Is it possible to link 3 surveys dependent on initial data collected in the first survey? Problems with the repeat function

Good afternoon!

We regularly use ODK surveys from Excel to collect farmer group member data. This works really well except for the repeat function.

For example, one of the questions is, 'how many members of your household are in the same group?' If the answer is 2, then the next question is on repeat and asks for the details of each household member. Some will have no members, some will have 9. This functions well but for me the time-consuming part is then matching up the index numbers with the other household members when the data is downloaded on Excel.

These results are in a separate Excel sheet and one by one, I have to look at who answered ýes' to the initial question, scroll to the far right, fiind the index number and then search for those repeat household members on the other sheet, go back to the previous and match those names with others on the initial sheet. This is to be clear about doublecounting of households.

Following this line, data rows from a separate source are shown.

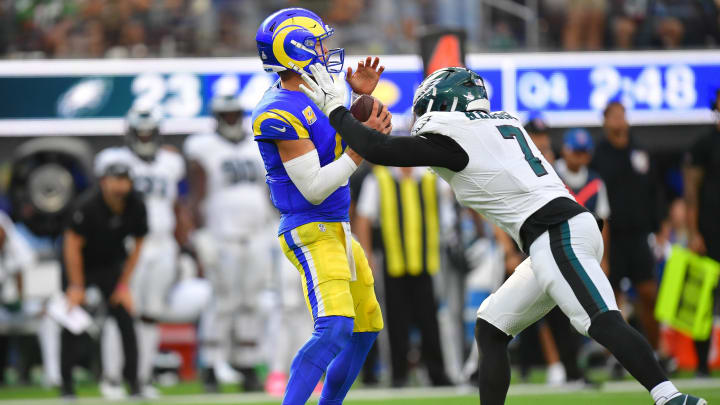 Oct 8, 2023; Inglewood, California, USA; Los Angeles Rams quarterback Matthew Stafford (9) is sacked by Philadelphia Eagles linebacker Haason Reddick (7) during the second half at SoFi Stadium. 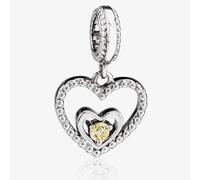Rosa Lea August Birthstone Heart Dangle Charm AM-2THB004204-Light Yellow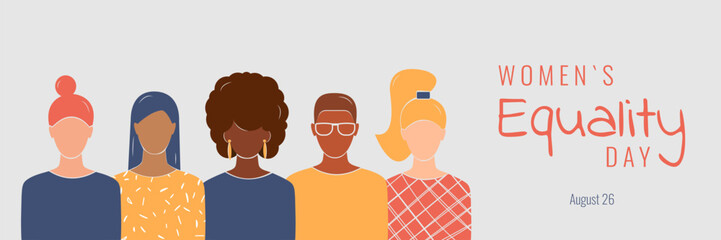 Women's Equality Day banner. Faceless vector illustration.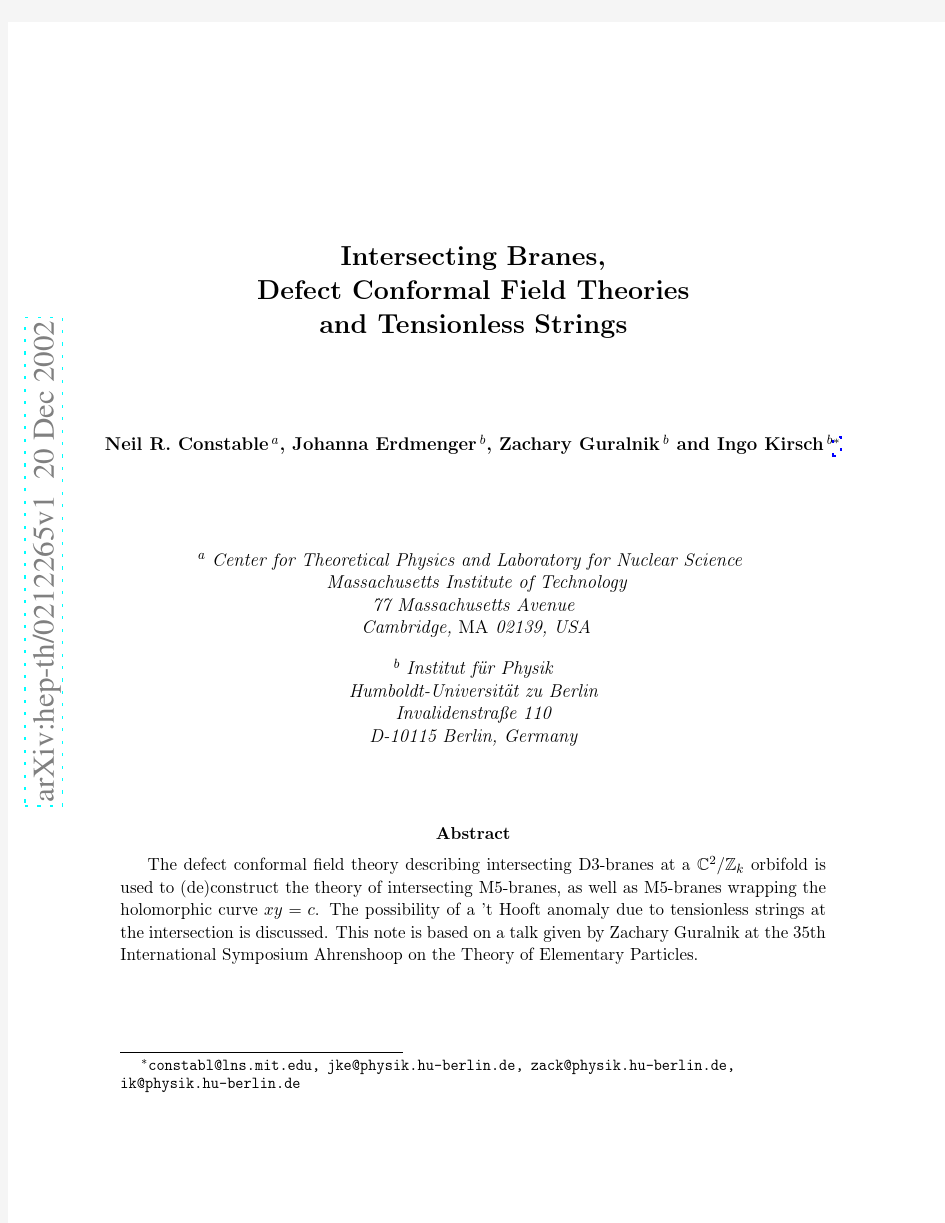 Intersecting Branes, Defect Conformal Field Theories and Tensionless Strings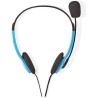 NEDIS headset CHST100BU/ drôtové slúchadlá + mikrofón/ 2x 3,5 mm jack/ kábel 2 m/ modrý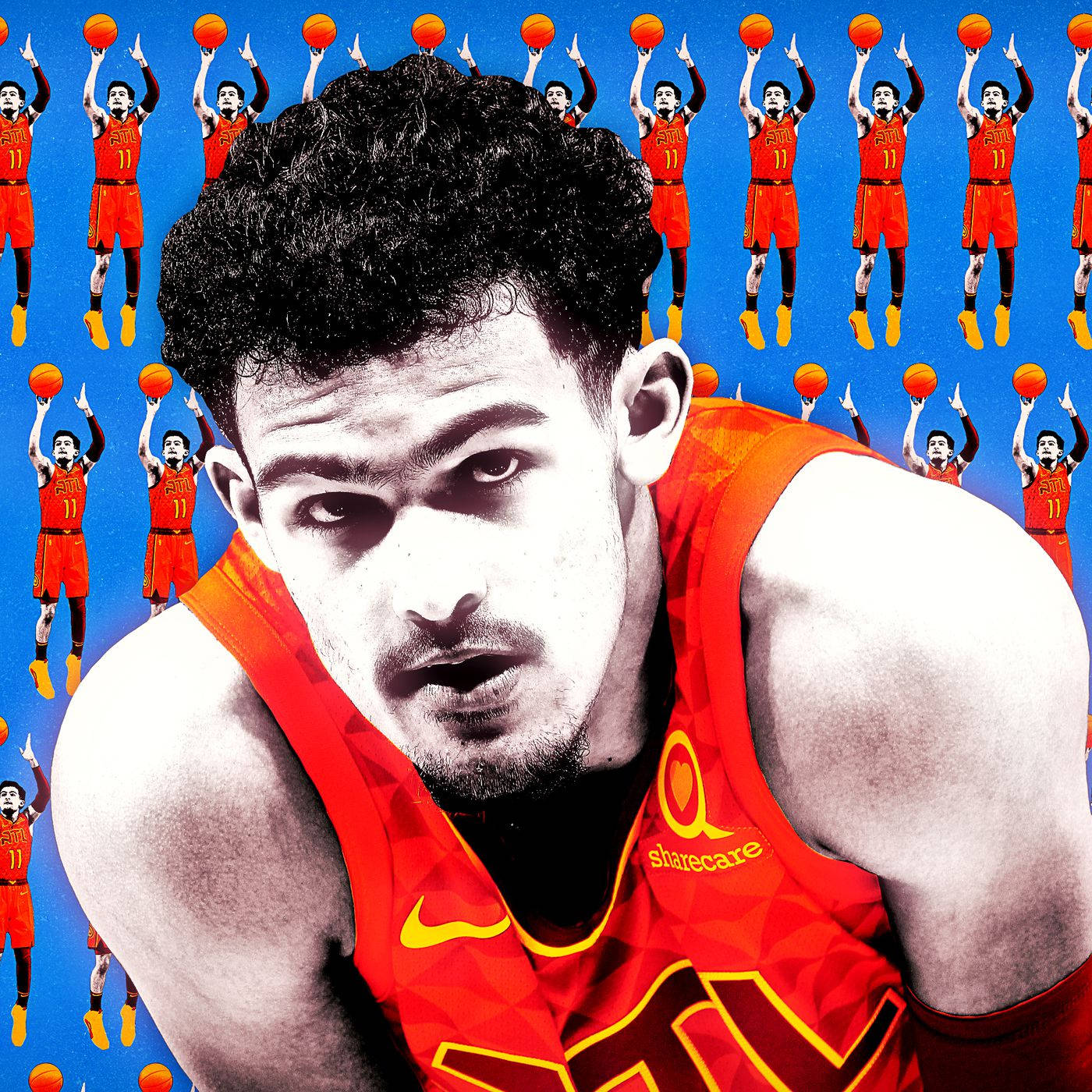 Trae Young Retro Blue Patterned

Now, to take this example one step further, I want to do an agribusiness survey of those group members and a nutrition survey for each woman of reproductive age and child aged 6-23 months in their households. So on the initial survey, the question will be, do you have any women aged between 15-49 in your household. If yes, then the number will be entered. Same for the children. And then the names which will be on repeat, depending on teh previous answer. Which will then link to an extra Excel sheet with index numbers in the results.

Then there are nutrition surveys for each woman and each child. The problem is that I can see no way of linking these surveys, so each time a woman starts a nutrition survey, we have to ask the same questions in the agribusiness survey, name, age, group name, location etc etc. And then the name of their household group member so we can match the 2 together.

If I make the repeat function for those surveys, then I will have the task of matching up the indexes of the agribusiness survey with each of the women's surveys and the answers to the women's surveys will be displayed vertically rather than horizontally on the second sheet, meaning it will be very difficult to extract the data from them.

Is there any way to extend a survey based on what was entered at the start so that the results from that second survey are not linked with an index number and a separate Excel sheet?

Oh, this question is hard to describe! My apologies, and many thanks to anyone who is able to unpack it!

Hi Heather,

Although I am not sure if I understand your issue completely, here are some ideas:

  1. Just checking: are you using INDEX-MATCH to combine the different excel sheets, and if not, would that make things easier?

  2. Another possible solution could be to create a csv file of your agribusiness survey results, attach it to your nutrition survey and pull data from that (see http://xlsform.org/#pre-loading-csv-data). This way you can for example use dynamic cascading selects to identify which household you are doing the survey with (for example ask for region, then village, then select a name), and if you know that you can pull in answers from a previous survey. Not sure if it's clear what I mean, I can elaborate or send you examples if you think it could be a solution.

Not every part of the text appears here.